Un'real' estate? Buying houses still a distant dream for many

By Reema Sharma | Updated: Oct 21, 2014, 17:43 PM IST

Reema Sharma

The burgeoning price of real estate continues to keep Indian realty far from reality for many. Housing loans might have made buying a house easier but the difference between household incomes and rising property prices is widening with each passing day.
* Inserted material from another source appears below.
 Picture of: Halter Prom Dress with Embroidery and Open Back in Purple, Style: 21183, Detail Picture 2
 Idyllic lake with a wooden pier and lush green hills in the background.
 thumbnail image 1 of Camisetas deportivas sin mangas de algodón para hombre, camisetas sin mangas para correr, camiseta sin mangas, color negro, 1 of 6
Therefore, if a middle-class salaried person wants to book a house on loan, saving for the initial down-payment becomes a decisive factor.
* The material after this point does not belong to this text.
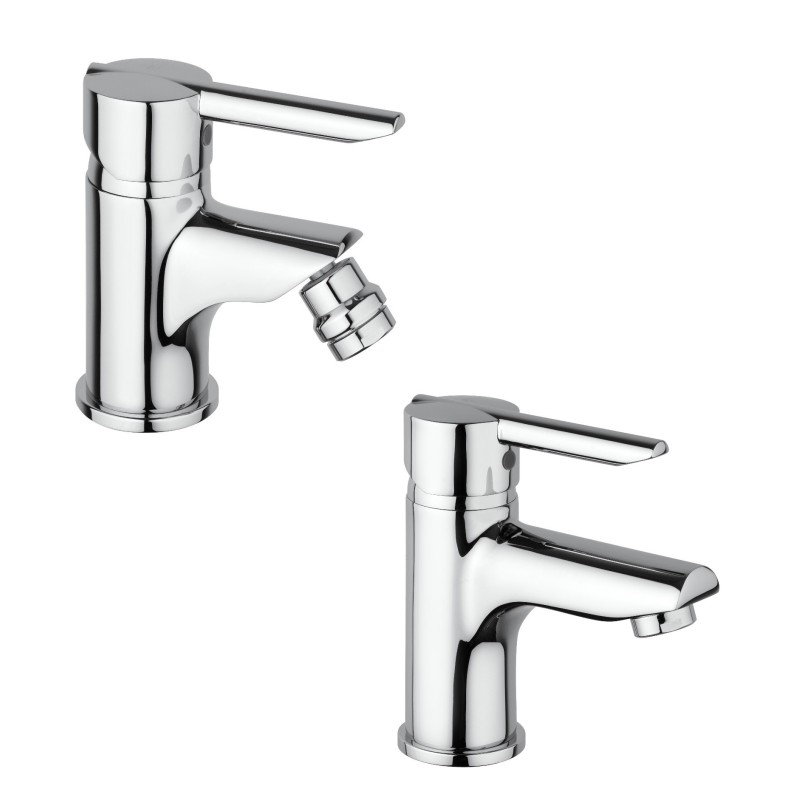 Set of taps for sink and ceramic bidet in chrome colour Piralla Serena KITSER2CR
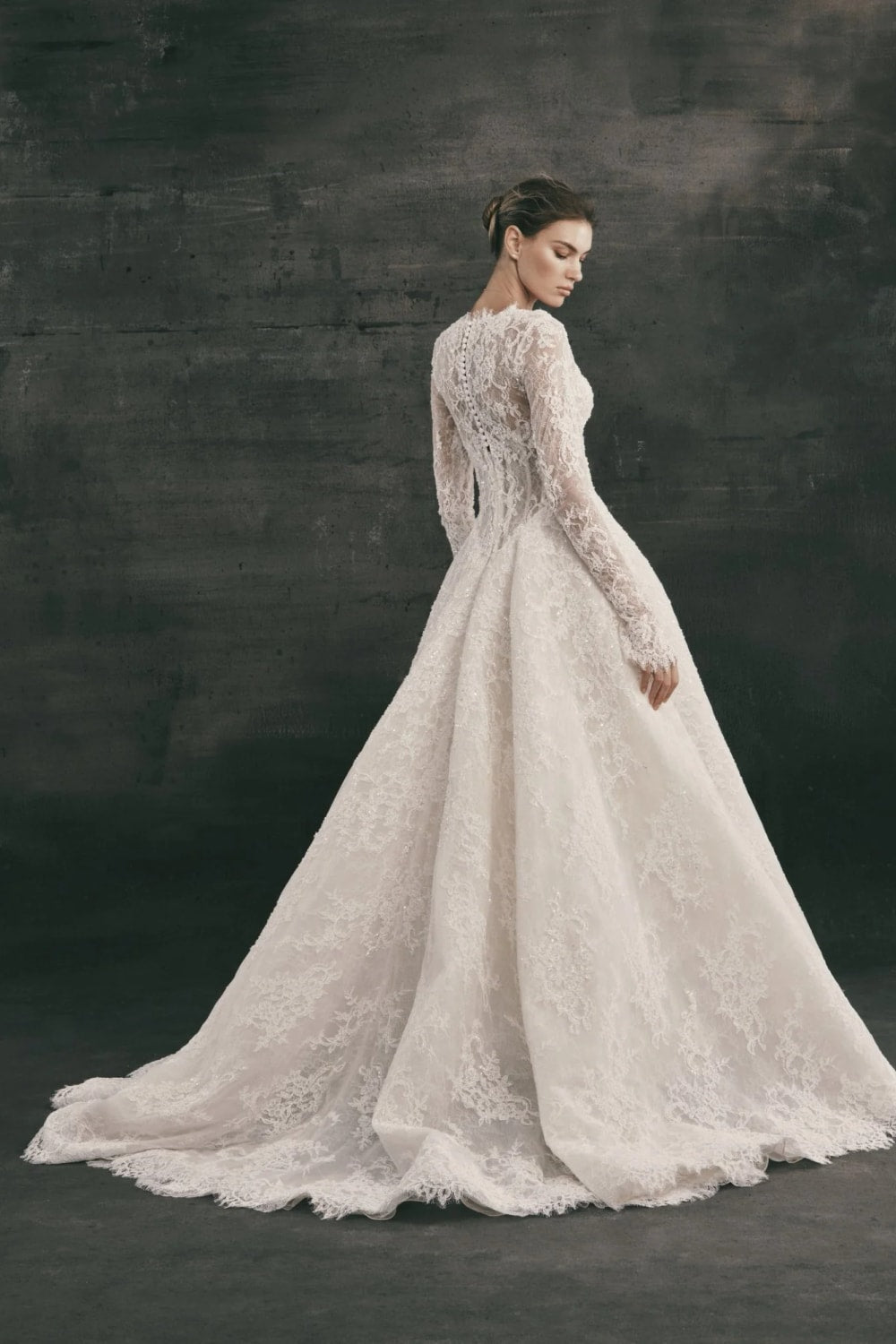 Romantic All Over Lace Long Sleeve Ball Gown by Nicole + Felicia — image 2 of 2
For instance, in the last three years, prices in Delhi NCR have almost doubled, however, industry-wide increase in salary has, on an average, gone up by only 15 percent.

With a stable government at the Centre, business sentiments have also become buoyant and it is expected that housing prices will further flare up, thereby adding further pressure on the buyer.
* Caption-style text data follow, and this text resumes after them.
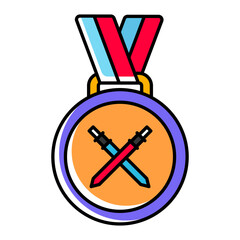 Polar Medal vector color omission icon design, Winter Season Element symbol, Snowboarding Equipment Sign, extreme sports stock illustration, Competition Award  Concept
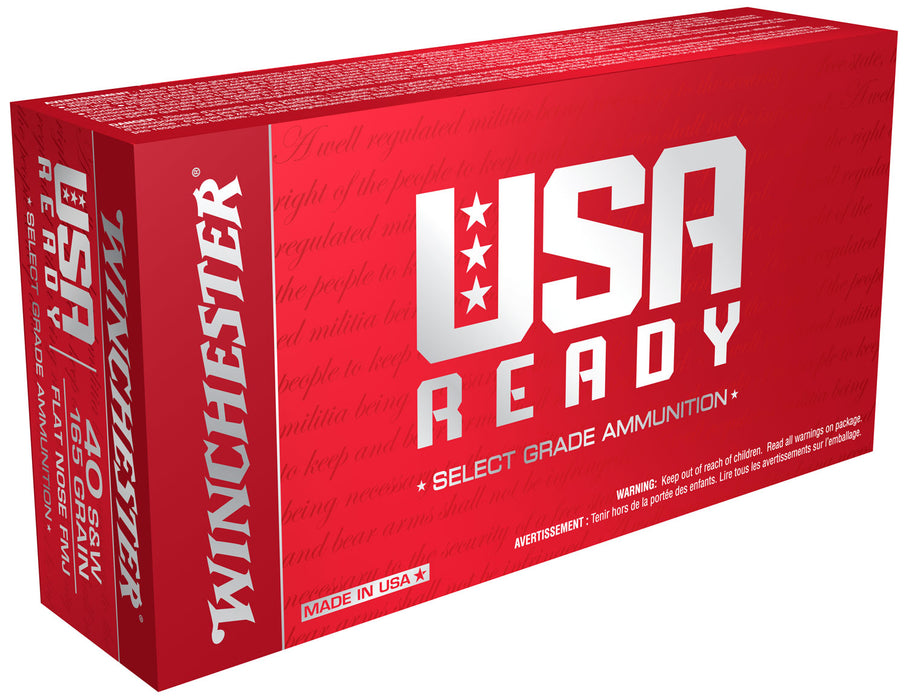 Winchester Ammo RED40 USA Ready  40 S&W 165 gr Full Metal Jacket Flat Nose (FMJFN) 50 Bx/10 Cs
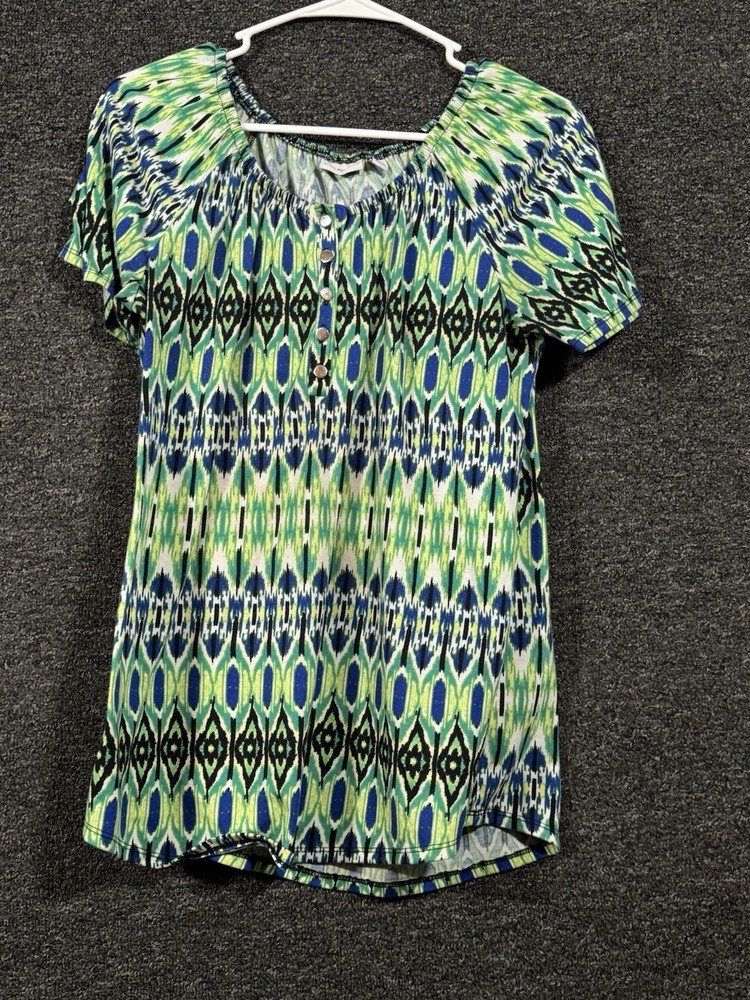 Kim Rogers Womens Printed Short Sleeve Top Size M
Perhaps Indians will also soon take a leaf out of the Housing Movement in Taiwan where more than 15,000 people staged a sleep-out in front of a luxury apartment complex— The Palace—in Taipei City. The people laid down in front of the luxury apartment complex in protest against exorbitant housing prices.

Speculation in the real estate is also a major reason for the sky-rocketing prices. Echoing a similar tone on housing price speculations, Dr Naresh Bharde, Chairman & Managing Director Excellence Shelters Pvt. Ltd. says," The Indian real estate market has witnessed a lot of changes post the fourth quarter of FY14. It has been observed that a lot of positive changes have seeped into the real estate sector."

This speculation has come about as a result of observations around the globe. There is a focused approach on infrastructure development and affordable housing for the masses. Across countries, it is a commonly held view that real estate cycles are the product of speculation, Bharde adds.

"That is, when speculation drives up demand, prices skyrocket and subsequently vice versa. However, it is characteristic of real estate prices to fluctuate on a cyclical basis. In reality, housing prices depend not just on speculative demand, but also on supply and the fluctuating interest rates," according to Dr Bharde.

In India, investing in property is hands down, the safest bet. There are always options of going for a barren land or a residential property, depending on one’s risk-taking appetite, holding period and investment size.

In such a situation, what can the home buyer do to tackle the difference between income versus realty price rise? Speaking on this particular issue, he said, "One option, which is also gaining traction lately, is to buy agricultural or vacant land. Vacant land gives you the convenience of making an investment without doing anything," Dr Bharde said.

The costs are much lower than residential land and this provides a large upside potential if it is re-classified as suitable for housing layouts. But at the same time there are certain limitations for procuring agricultural lands for NRIs.

However, a better and safer option is, to go for a plot in a gated or a residential community. The price can be higher by 30-40 percent, but it comes with a few benefits. "For one, though you need to perform legal checks, the land title is likely to be clean and encroachment is also less likely since the layout is fenced. It's inclusive of infrastructure such as water and power already set up," added Bharde.

The presence of these necessary features makes it easier to sell the plot at a later time, bringing high returns to the owner. For investors in real estate, there are various means to churn profit in the long term, however for house owners the only solution lies in housing reforms. As for now, the house buyers can wait for consensus on the Real Estate Bill scheduled to be introduced in the next session of Parliament.